Black phosphorous has a long a rocky history. It was discovered almost 100 years ago, and largely ignored as it had no practical use. Then things turned around when it was considered as a viable alternative to replace silicon in major electronics. And now things have come full circle, with black phosphorous once again poised to replace silicon in many of our daily devices.
Silicon has long been a reliable tool in our electronics, but it is rapidly reaching its limits. As our devices get smaller and faster at an astonishing rate, silicon simply can’t keep up. Scientists have been looking for the next substance that can and will replace silicon in our technology — and black phosphorous is looking like a better and better option.

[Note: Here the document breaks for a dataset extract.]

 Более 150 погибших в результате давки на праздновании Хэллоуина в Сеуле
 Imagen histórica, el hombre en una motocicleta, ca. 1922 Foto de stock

There are a few factors that make black phosphorous so useful for electronics. It’s incredibly thin, with a thickness of just a few atomic layers, which would make it ideal for our miniature technology. Black phosphorous can also carry electrical charges at a faster speed than silicon, which would help considerably as devices get faster and faster. Finally, black phosphorous has a band gap. This means that it can act as a semiconductor, turning off and on in the presence of an electric field. The band gap sets it apart from other contenders to replace silicon, making it the most viable alternative.
So if black phosphorous is so great, why did it take us this long to notice it? Simply put, technology: we lacked the ability to tune the material, limiting not only our knowledge of it, but our ability to manipulate it effectively. This study has turned that around, opening up the possibilities for black phosphorous in ways we never previously imagined.
Besides replacing silicon in electronic devices, black phosphorous could also be used in optoelectronics such as night vision goggles, imaging tools, and mid-infrared optical modulators. Before we know it, silicon could be the substance of the past, and black phosphorous could take its place as the material of the future.